Across much of Europe they are known as “barn swallows”, such is their preference for a farmyard nest site. Originally far less common cave nesting birds, they found the open doors and dark interiors of barns, cowsheds and stables to be an ideal and more widespread substitute. So, wherever farms like Fullers Hill were built, swallows found an ideal home and the population increased. In the days when it was a mixed farm, raising cattle as well as growing corn, it made an ideal swallow habitat. As well as plentiful nest sites, there would have been abundant insect life in the stock yard and over surrounding pastures.
So what of the swallow’s plight? According to the RSPB based at nearby Sandy in Bedfordshire, swallow numbers have shown considerable fluctuations over the last 30 years, but now have an “amber” status because of a recent marked decline. This applies not just to the UK but across Europe. A survey in Leicestershire suggests this may be a loss of over 20% in the last 15 years.
The reason for this decline is thought to be due to several factors. Those flying from South Africa for example, have to make the hazardous crossing over the Sahara Desert. This whole region has become progressively more arid and may cause many to starve en-route.
As already indicated there are problems closer to home. These centre round the considerable changes in agriculture. Since the 1940s for example, the use of artificial fertilizer has meant that farms no longer need manure from stockyard cattle to keep the soil fertile. This is especially true of East Anglia which has become a largely arable farming region.
It is indeed many years since cattle and working horses were kept at Fullers Hill. The flies attracted by the presence of these animals in and around the farm would have been the mainstay of the swallows’ diet. With the animals went the flies, and with them went the swallows.
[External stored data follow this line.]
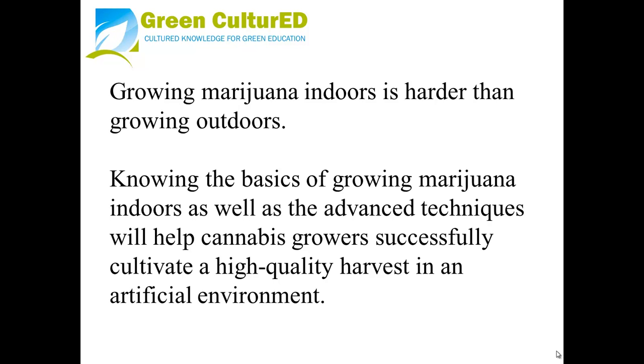Growing marijuana indoors is harder than growing outdoors. Knowing the basics of growing marijuana indoors, as well as the advanced techniques, will help cannabis growers successfully cultivate a high-quality harvest in an artificial environment.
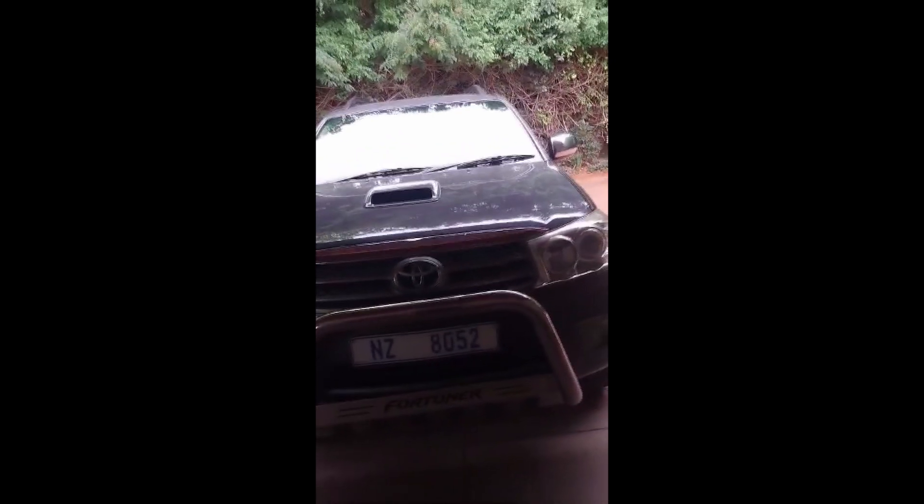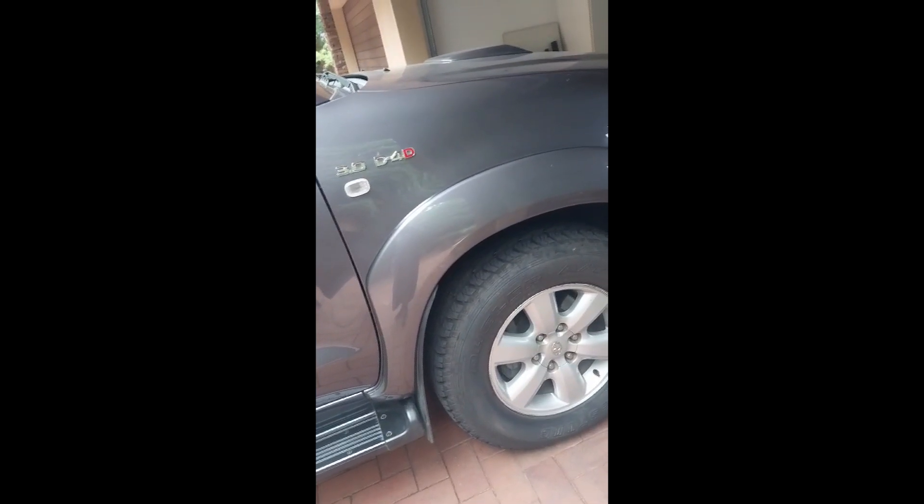No major mechanical or cosmetic issues. Some spray work is evident, and there are chips and scratches on the front bumper. All tires are good; some chips and scratches are visible on the mags as well.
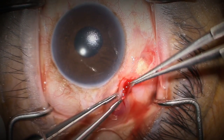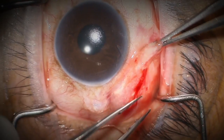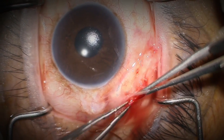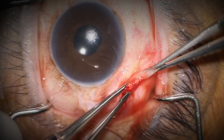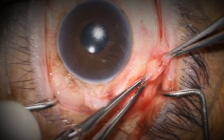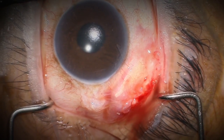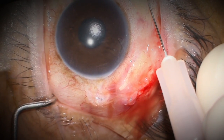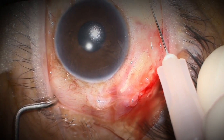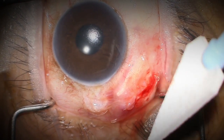I'm closing the conjunctival incision with glue and generally speaking it won't open. If it were to open, it would reveal patch graft underneath — not tube hardware — so you could monitor that, and I've never had to go back and seal one of these. Challenging now with injected steroid and antibiotic, we can see we have a watertight seal from the tube surgery.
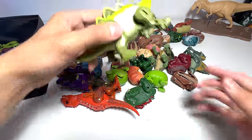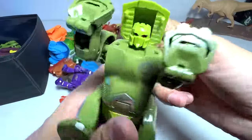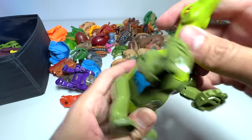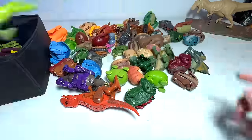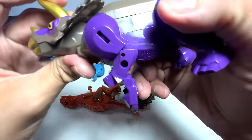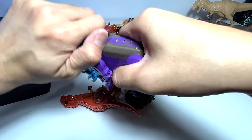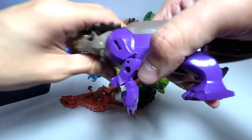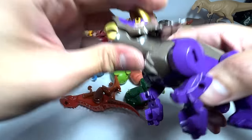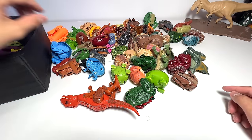This next one looks like a Styracosaurus, but it's actually a transforming figure you can transform into a robot, which is kind of cute. Here's another one — it's a Triceratops. I think you should be able to open this up to reveal the head or something, but I'm not exactly sure how to transform this, so let's move on.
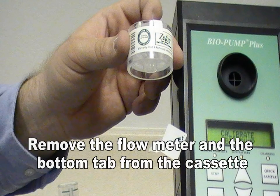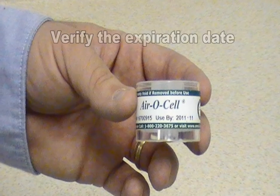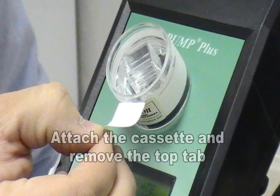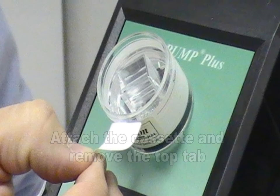After calibration, remove the flow meter and remove the bottom sticky tab from the Aerosel cassette. Save this tab and be sure to also verify the expiration date of the cassette. Attach the Aerosel cassette to the circular area on the pump, then remove the top sticky tab and save for later use.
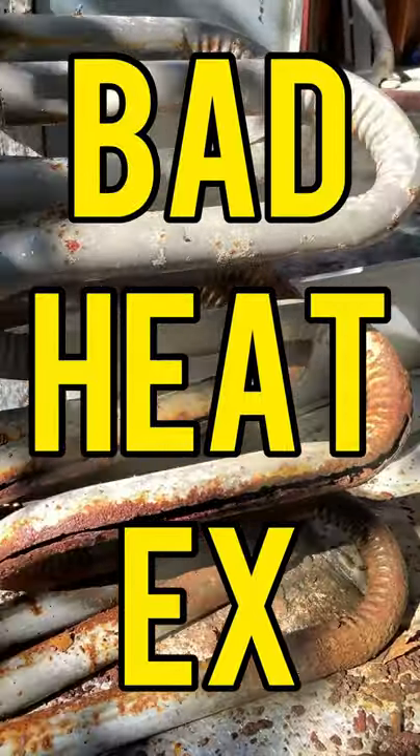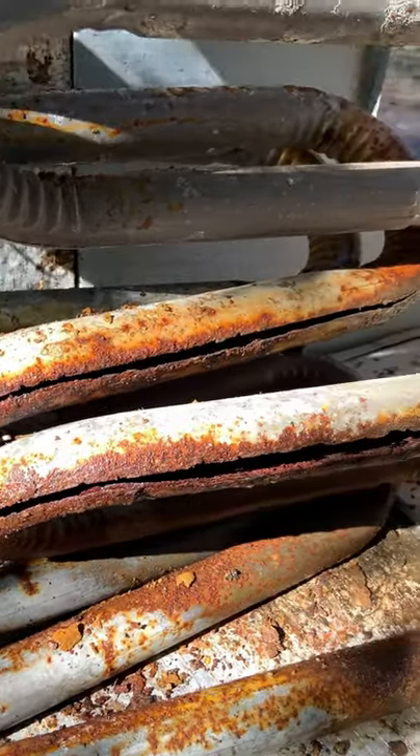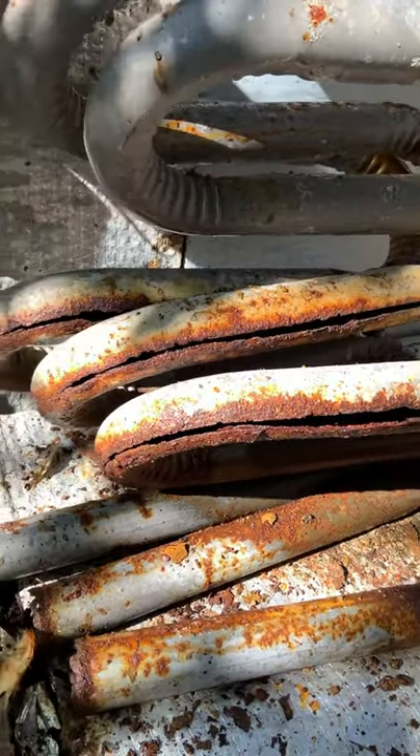Checking out this heat exchanger that I'm cutting apart to take to the metal recyclers. You can see where the weak area is in this tubular heat exchanger along this seam — it is just ripped completely through. It is wild.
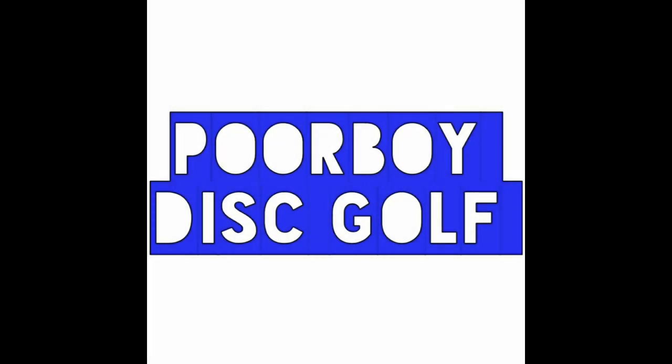What did I find today at my local thrift store? Stay tuned to find out. Welcome back to Poor Boy Disc Golf — I hit a pretty good score at the local thrift store, so I figured I'd show you all what I found. If you're new to the channel, please hit the subscribe button down below and hit that like button.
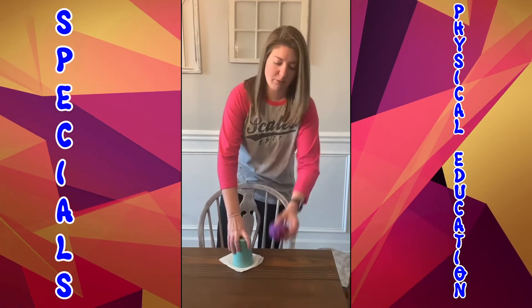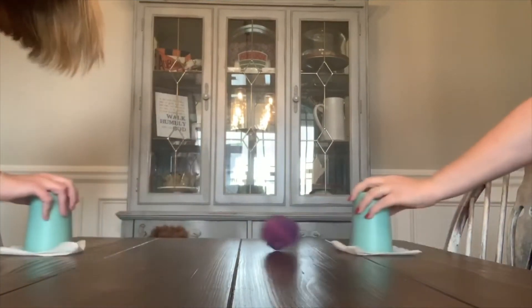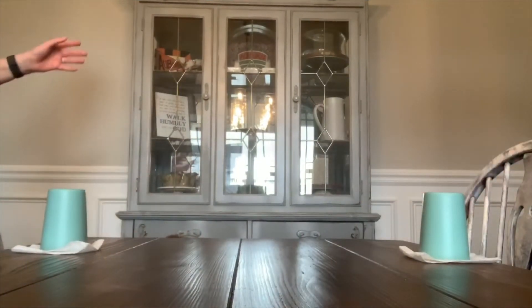So you lay down your paper towel, put your cup on top. This is something it does to scratch your floor or scratch your table, and you play back and forth. Have fun. Point.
The loss of the animals has also meant that many older farm buildings have become redundant and have been converted for other uses. This usually denies access to breeding swallows. As a result, they will then either fail to breed or be forced to use a less secure site, where breeding is less likely to be successful.
As there is no possibility that Fullers Hill will return to livestock farming in the foreseeable future, the best that can be done to encourage swallows to return and nest in greater numbers is to improve the nesting opportunities. To this end, Fullers Hill Farm Cottages have all been fitted with artificial swallow nest boxes. This important measure will also be supported by the creation of a mud pool, which will allow swallows to build natural nests as well.
They say “one swallow doesn’t make a summer” In the light of recent experience it would appear that we need all the swallows we can get. Perhaps the conservation measures taken at Fullers Hill will go some way towards ensuring that!